Task requirements
From the line with "Диктофон цифровий з" to the line with "Dove - Dry Scalp", retype each line exactly as it stands in the records below, but skip the pictures.

Data under study
┌────────
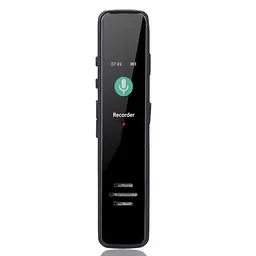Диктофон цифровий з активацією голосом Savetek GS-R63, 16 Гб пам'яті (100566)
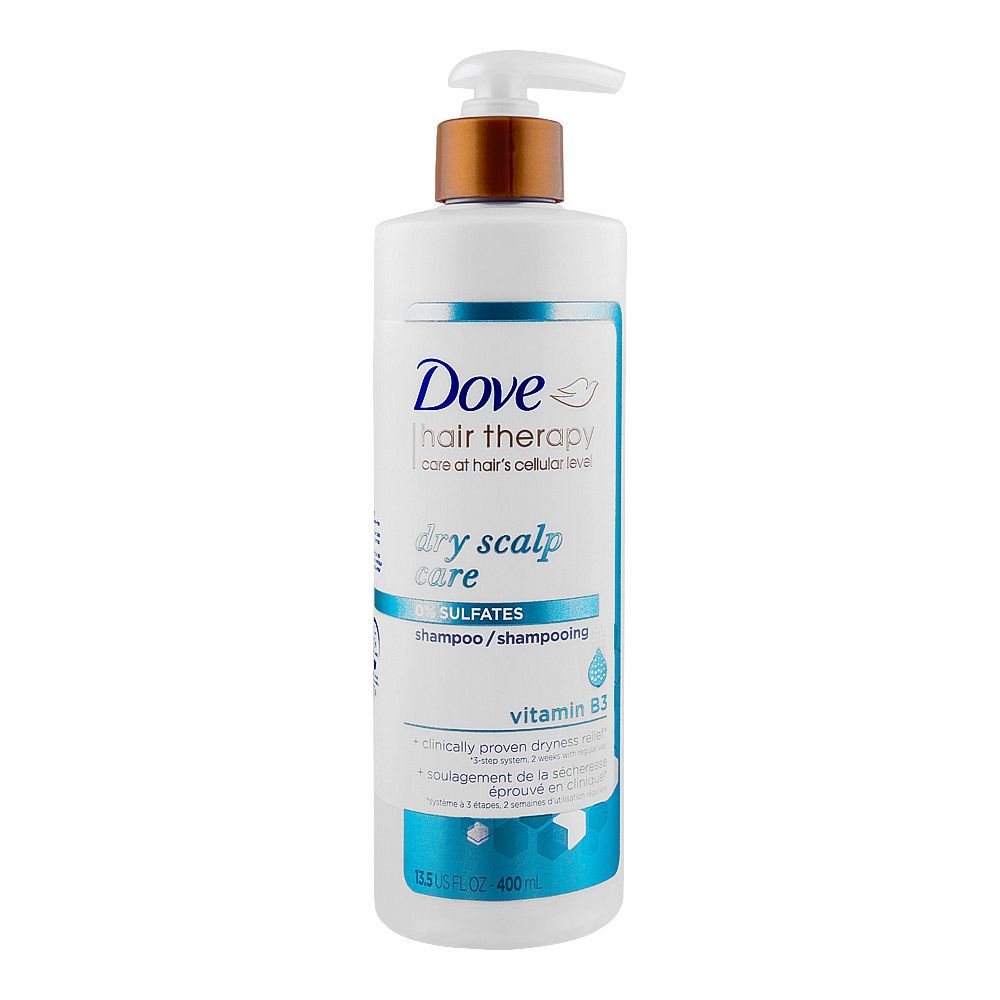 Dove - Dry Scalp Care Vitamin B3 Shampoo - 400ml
└────────
┌────────
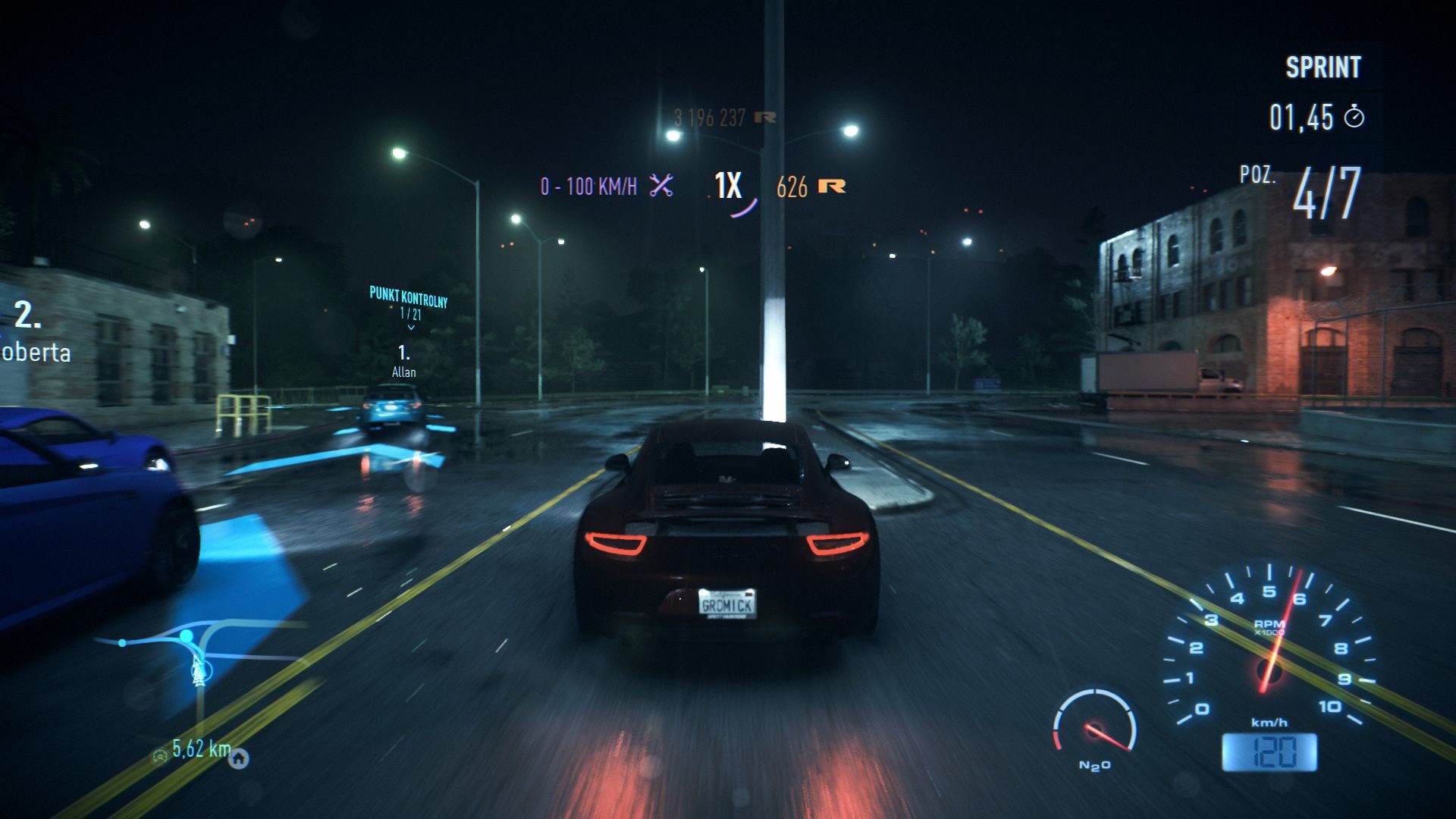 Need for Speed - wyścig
└────────
Task response
Диктофон цифровий з активацією голосом Savetek GS-R63, 16 Гб пам'яті (100566)
 Dove - Dry Scalp Care Vitamin B3 Shampoo - 400ml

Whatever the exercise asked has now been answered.